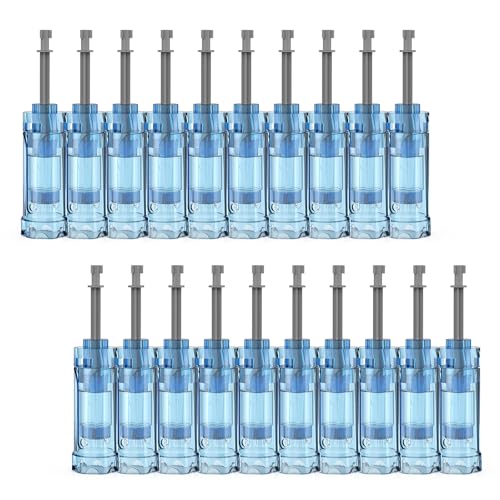 Cartouche aiguille 36 pin, Dermapen microneedling micro aiguille Remplacement pour Dr.pen A9/M8S/A8S, 20 Pièces/Paquet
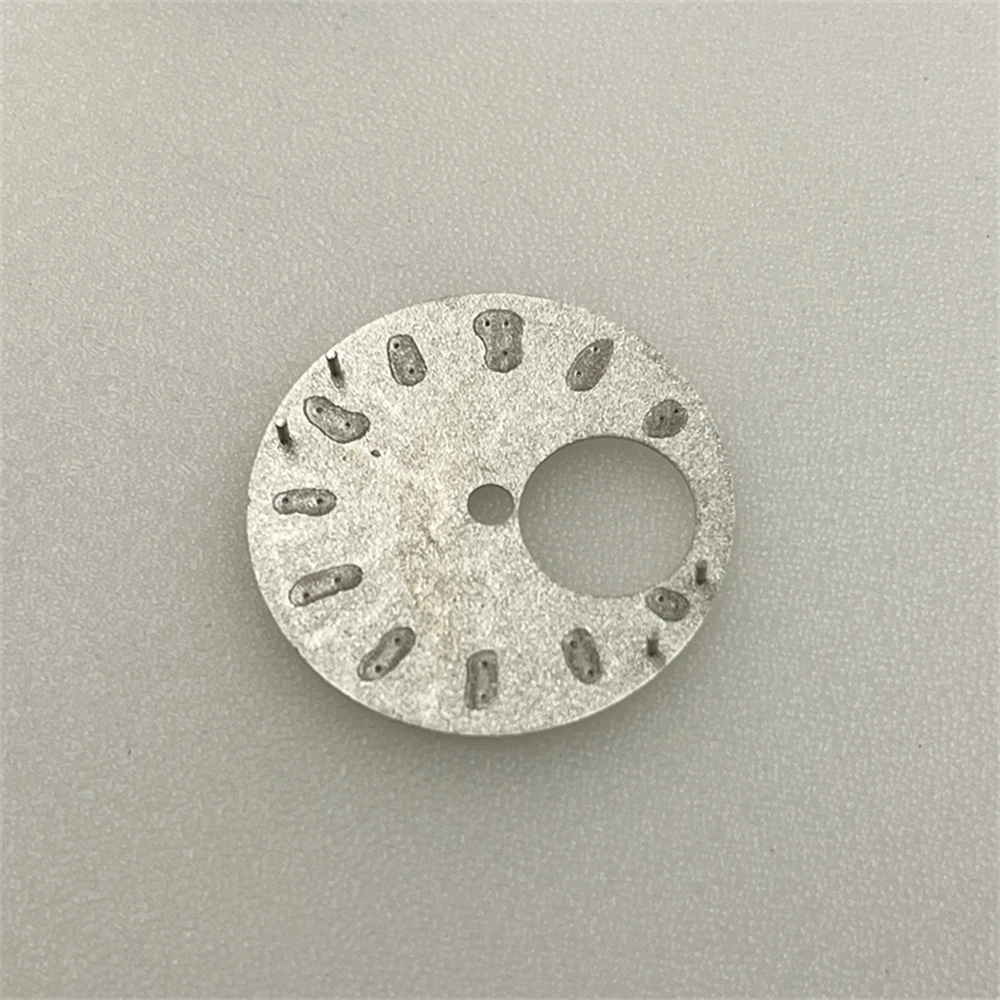 NH34 Dial 28.5MM Green Luminous Watch Dial For NH34 NH38 Movement Mechanical Watch Accessories watch dial accessories watch face accessories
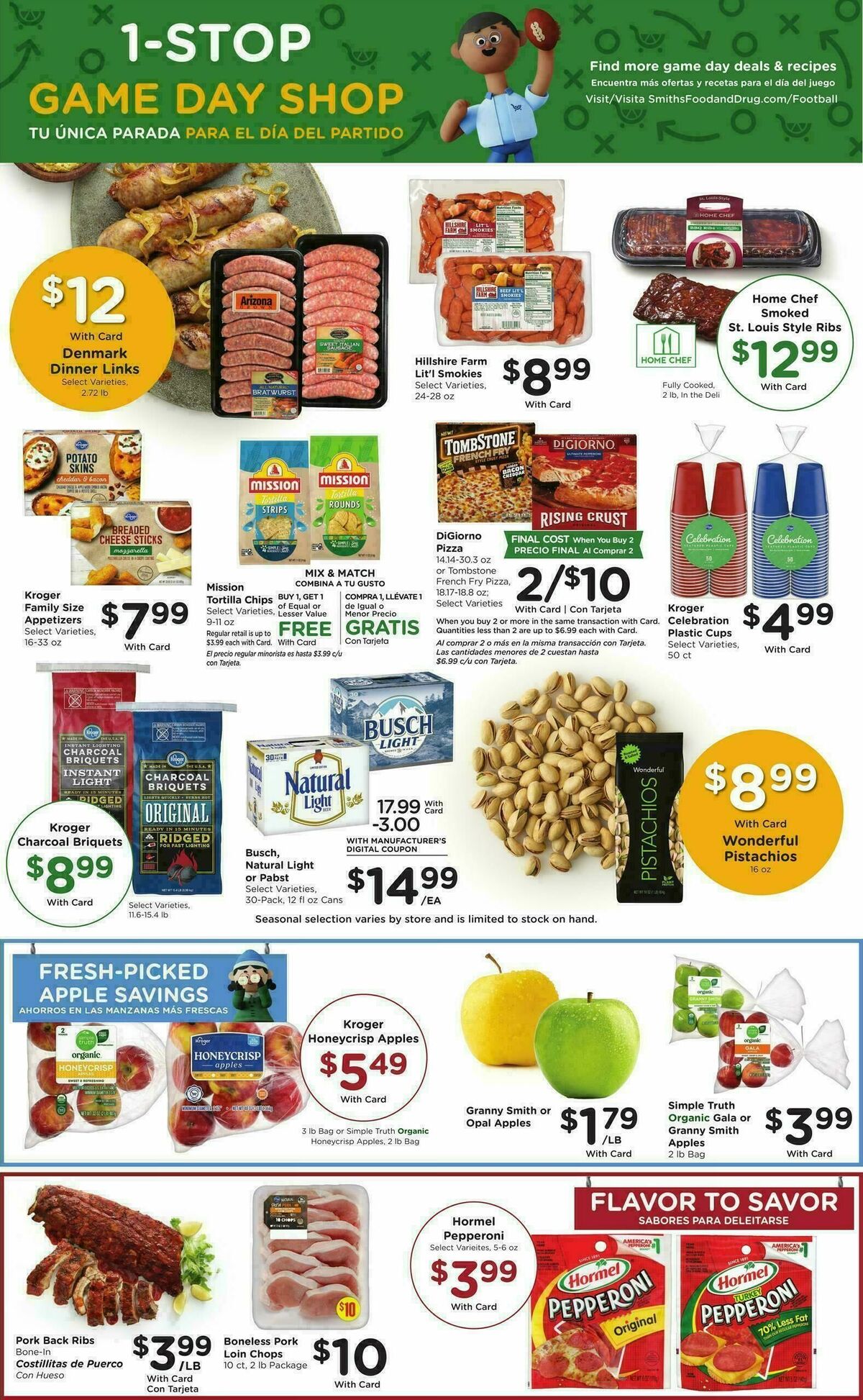 Smith's Weekly Ad from December 10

* Instructions for the task *
Apart from the pictures, every line of the data above should be given again exactly.

* Answer section *
 Cartouche aiguille 36 pin, Dermapen microneedling micro aiguille Remplacement pour Dr.pen A9/M8S/A8S, 20 Pièces/Paquet
 NH34 Dial 28.5MM Green Luminous Watch Dial For NH34 NH38 Movement Mechanical Watch Accessories watch dial accessories watch face accessories
 Smith's Weekly Ad from December 10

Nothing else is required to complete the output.